Since taking the position, her office has made nearly 14,000 individual charges.
The Rake’s record requests produced limited data from her office for the period of January 2017 to January 2022. We were given 1,700 pages of data in an uneditable PDF, and were told that this data was not available in an easily searchable spreadsheet despite the fact that it was produced from an online database with multiple search functions. For this reason, the data used in this article should not be considered perfect but should be treated as a representative overview of her office’s work under her tenure.
The Limits of Progressive Reforms
George is not afraid to speak out against systemic racism within police departments and prisons, even acknowledging that her own office plays a role. “Prosecutorial discretion is the cause of mass incarceration,” she wrote in April. “That same discretion can be used to eliminate it.”
In the last few years, George has taken this progressive reformism to heart, giving more plea deals that result in alternatives to incarceration, stopping the use of cash bail in most instances, and refusing to prosecute certain low-level offenses.
Reforms like these are not meant to dismantle the prison or policing system – a system that was built to protect capital, first by catching slaves and breaking strikes, and later by enforcing apartheid between Black and white workers. Rather, these reforms are meant to blunt some of the worst excesses of our prison system. As a result, one would expect that these prosecutorial reforms would lead to both lower charging rates and reduced racial disparities. This is not what The Rake has found.

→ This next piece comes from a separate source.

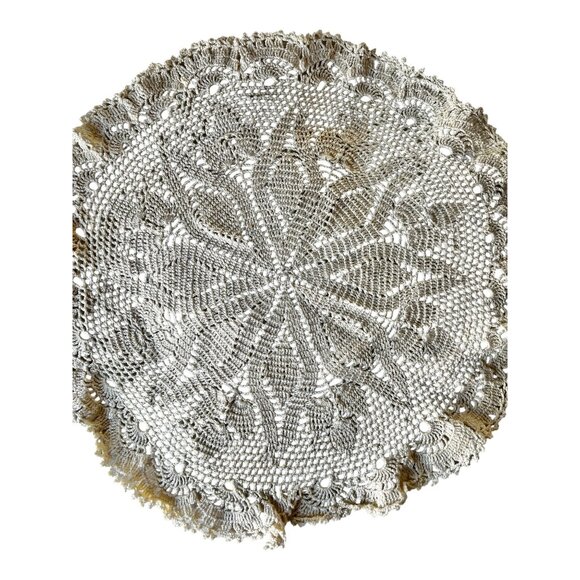 Pair Of Handcrafted Cotton Lace Doilies 12" Diameter Cream Wedding Granny Core - Picture 4 of 10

According to their own records, the state’s attorney office does not show a noticeable difference in prosecution rates when compared to arrest rates from local police departments. Since Burlington is the only community from which arrest records are easily obtained, we are using the county’s largest municipality as a bellwether to compare. From 2017 to 2021, George’s office prosecuted fewer cases per year, dropping by 43% from 4,658 to 2,651. In the same timeframe, the Burlington Police Department also made fewer arrests, dropping 45% from 2,364 to 1,287.
This data suggests the reduction in Sarah George’s prosecutions can be explained by an almost identical drop in police arrests. A significant change in the office of state’s attorney’s charging practices would likely show a divergence in those rates, not their continuation in tandem.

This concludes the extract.